Early in the evening as the sun retreats in the distant east, from behind the buildings a red moon stealthy and gently rises. Blushing and shy, no sooner had it appeared that it hid behind a thin veil of clouds, visible now and again from between the patches. Across from the parking lot, on a rooftop, the previous day’s rain had formed a pool. And in that pool hidden from the passer-by eyes, the moon floated, reflected, appeared and disappeared. Very near, twenty or so pigeons sat closely in a row watching in silence and stillness.

If we could see our reflections in a mirror, what would we see? Of course I am not talking about our outer appearances or reflections, but inner ones. I don’t know if you have done this or not, but if you sat as quietly as those pigeons and watched the inner scenery of passing images, judgments, problems, solutions, desires, dislikes, regrets, hopes, positive thoughts, negative thoughts, neutral thoughts-that rush through one’s mind from dawn to dusk and during sleep in the forms of dreams-if one sat quietly and simply observed these without judging or identifying with them what would one see or experience? In other words, have you ever asked what may lie beyond the incessant stream of thinking and thought, if anything at all? If thoughts as we know it, slowed down or momentarily took the backseat what would happen? If the repetitive and automatic movements of worry, hope, wanting and not wanting did not exhaust the brain daily, what would come of the vast energy accrued? What sorts of brain activity would then be? Would a creative way of thinking blossom? What do you say to these questions? Of course, if one has not had a direct experience as such, what answer one comes up with would be mere ideas and theories, more thoughts that is.

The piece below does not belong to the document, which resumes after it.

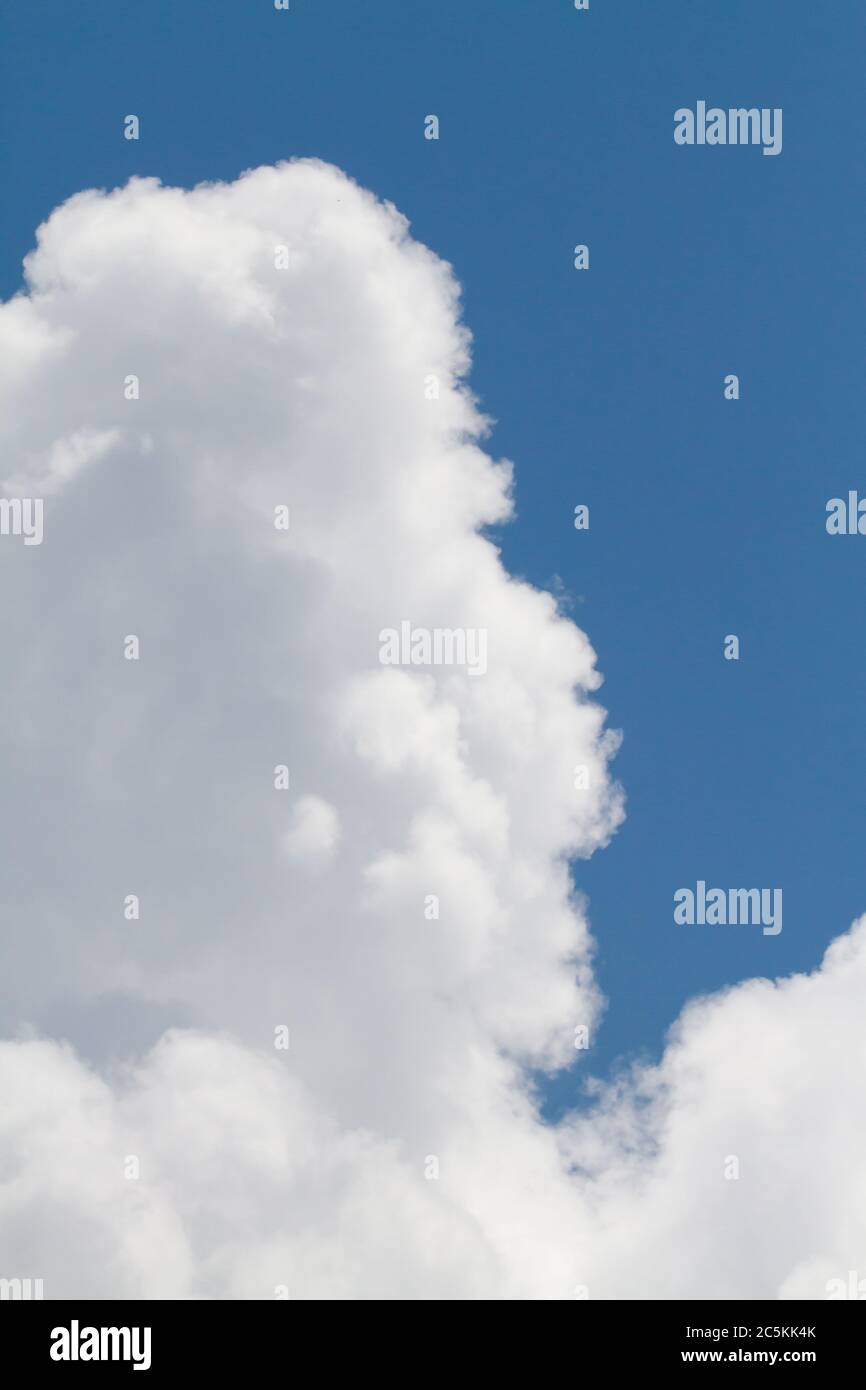 Le nuvole Cumulus si costruiscono in un cielo blu scuro prima di una tempesta di pioggia. Foto Stock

But still, do these questions even interest one? Or is one so caught and addicted to thinking that cannot even consider these?

 One may hear some “clever” minds out there replying, “I am not like that”, or “my mind does not work that way”, or “I only have wholesome and positive thoughts”, or even better, “I am too busy ‘living’ to bother with these questions”. Well, if there is simply no interest, then there isn’t much to talk about. And that is all right too, no judgment. But what if one is interested and curious to investigate? I am reminded of a story that has made a strong impression on me (one needs to read between its lines):

 One day a hungry pregnant tigress runs into a group of goats grazing about. Being very hungry it makes a hasty ferocious attack, but it fells off the hilltop, breaks its neck and dies. Goats seeing the tiger’s attack, all scatter around. But as nothing happens, they go back to find the tigress dead while it had given birth to a cub. Being paternal they raise the cub as their own. The cub grows to be the most miserable young tiger and always-in pain. Because neither its jaws, nor its stomach/intestine were suitable for chewing and digesting grass, and yet, that’s just what he was taught. Until one day, a big hungry tiger makes an attack on the goats. Again, the goats run away, but the young tiger being a tiger at heart stays put. It doesn’t run away. When the big tiger sees this, it is mortified. “What!!! You are living with goats!!!!” It thunders. “Maaaaa”, replies the young tiger like a goat. At this point, the big tiger grabs the young one by the neck and takes it to a pond, a pond that was stand still. “Look into the pond,” commands the big tiger. When the young tiger looks into the still pond, what does it see?